### Task details
Starting with the line that holds "Girls White Logo T-Shirt" and stopping after the line that holds "BIG W Bluey", repeat the lines below word for word, without the pictures.

##### Data shown #####

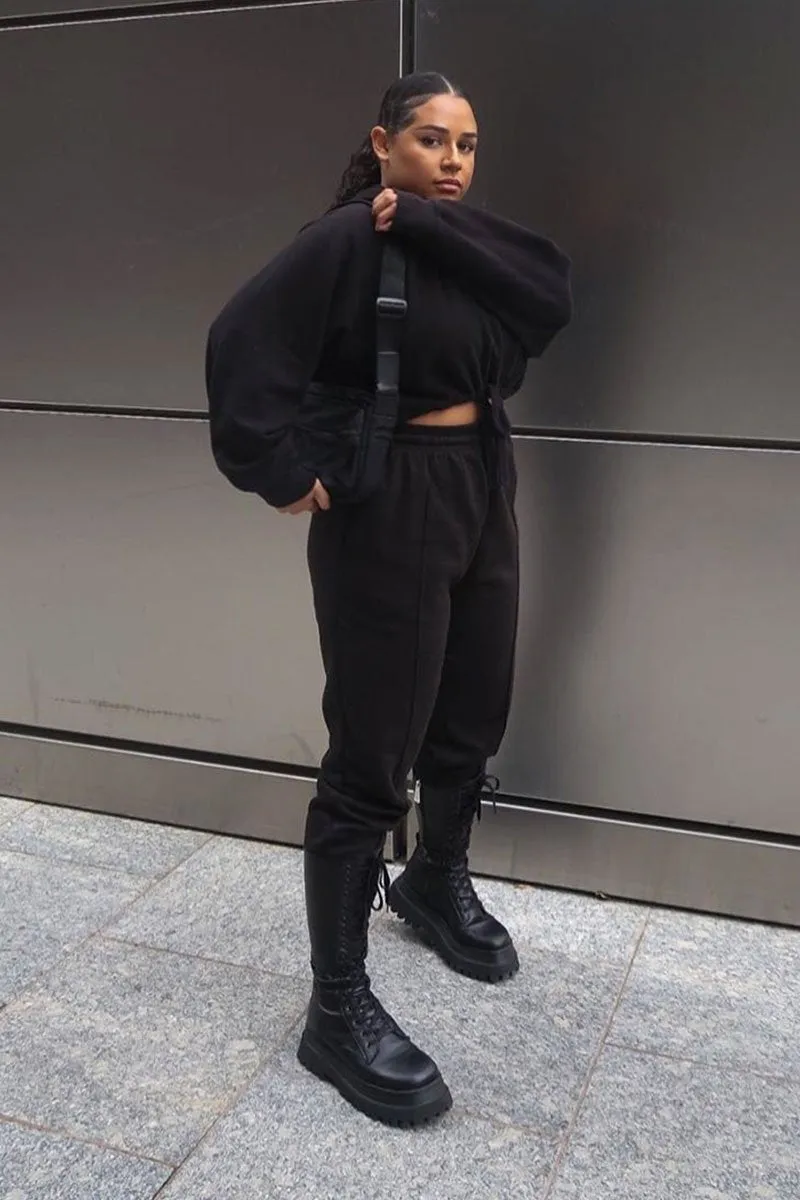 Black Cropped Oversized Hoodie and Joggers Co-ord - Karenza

#####
##### Data shown #####

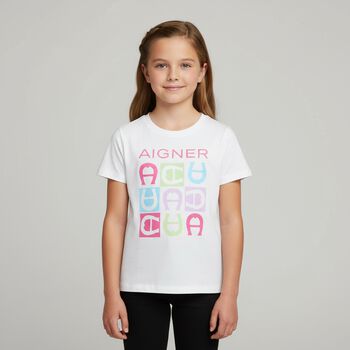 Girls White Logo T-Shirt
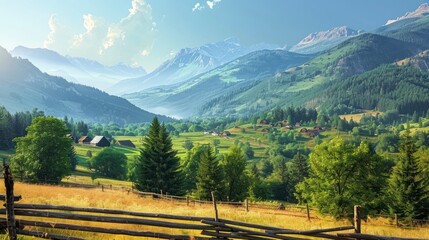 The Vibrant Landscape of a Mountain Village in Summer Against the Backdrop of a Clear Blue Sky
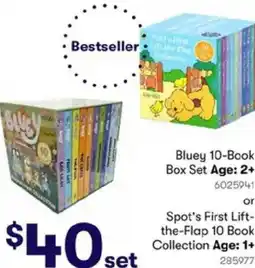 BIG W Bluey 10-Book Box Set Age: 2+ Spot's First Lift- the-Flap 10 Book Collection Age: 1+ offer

#####

### Reply
 Girls White Logo T-Shirt
 The Vibrant Landscape of a Mountain Village in Summer Against the Backdrop of a Clear Blue Sky
 BIG W Bluey 10-Book Box Set Age: 2+ Spot's First Lift- the-Flap 10 Book Collection Age: 1+ offer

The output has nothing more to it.